Imagen tomada de Iglesia en Valladolid |
No sé por qué, ando barruntando que jamás voy a recibir el encargo de
pronunciar el Sermón de las Siete Palabras. Ya, ya sé que no obra en mí ninguno
de los atributos requeridos, pero oye, tampoco juego a la lotería y, a veces,
cuando el fin de mes acecha con el martillo, pienso que un pellizco me ayudaría
a dar ese gran salto que lleva de la penuria a la simple pobreza. Bueno, para
eso también pienso en dejar de fumar. A lo que íbamos, dado que nunca me podré
encaramar sobre lo alto de una peana en la Plaza Mayor de la capital para este
menester, aprovecharé esta ocasión que se me brinda:
Primera Palabra: “Padre, perdónalos, porque no saben lo que hacen”.

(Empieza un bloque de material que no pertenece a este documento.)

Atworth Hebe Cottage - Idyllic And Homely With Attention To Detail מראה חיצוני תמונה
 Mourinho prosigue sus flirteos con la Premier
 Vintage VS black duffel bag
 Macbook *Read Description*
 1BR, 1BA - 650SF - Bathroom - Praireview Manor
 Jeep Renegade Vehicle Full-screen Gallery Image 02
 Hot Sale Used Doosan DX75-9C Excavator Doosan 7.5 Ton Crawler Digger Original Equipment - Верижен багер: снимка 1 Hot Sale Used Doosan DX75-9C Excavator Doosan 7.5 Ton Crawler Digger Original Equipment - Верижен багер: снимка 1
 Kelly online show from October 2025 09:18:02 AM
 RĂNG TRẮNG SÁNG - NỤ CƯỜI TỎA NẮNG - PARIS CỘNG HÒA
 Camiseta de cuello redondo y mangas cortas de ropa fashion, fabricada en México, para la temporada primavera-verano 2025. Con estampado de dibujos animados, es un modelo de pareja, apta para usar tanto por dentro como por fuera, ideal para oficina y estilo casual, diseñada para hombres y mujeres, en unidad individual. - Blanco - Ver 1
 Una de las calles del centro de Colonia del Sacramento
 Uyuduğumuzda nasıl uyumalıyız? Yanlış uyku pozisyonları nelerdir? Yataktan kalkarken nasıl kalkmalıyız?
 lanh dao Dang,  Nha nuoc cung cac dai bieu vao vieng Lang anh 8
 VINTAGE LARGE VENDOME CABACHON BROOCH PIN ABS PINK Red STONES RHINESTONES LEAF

Apenas habían pasado media docena de minutos y se acabó el camino llano, la
cuesta se empinaba más de la cuenta. Parecía que los jugadores no eran
conscientes del significado del partido, de la importancia de entrar
enganchados desde el minuto cero. Perdónales (vaya, que esto es Valladolid),
decíamos con la esperanza de una redención en forma de remontada.
Tercera Palabra: “Mujer, ahí tienes a tu hijo; hijo, ahí tienes a tu
madre”. Otros seis minutos transcurrieron para que el camino pareciera sin
retorno. En un estadio de Primera División, un equipo filial demolía al Pucela.
Este, moribundo, se dirigió con admiración al club local para decirle, como si
no lo supiese, que esos chavales tienen futuro. Después, se acercó a los chicos
del filial y les dijo que son muy buenos pero que les queda mucho por delante,
que se fijaran en sus mayores.
Cuarta Palabra: “¡Dios mío, Dios mío!, ¿por qué me has abandonado?”.
Veintidós minutos, 3 goles. Al unísono aunque cada uno –afición, jugadores,
cuerpo técnico…- por su lado se llevaron las manos a la cabeza. ¿Qué más decir?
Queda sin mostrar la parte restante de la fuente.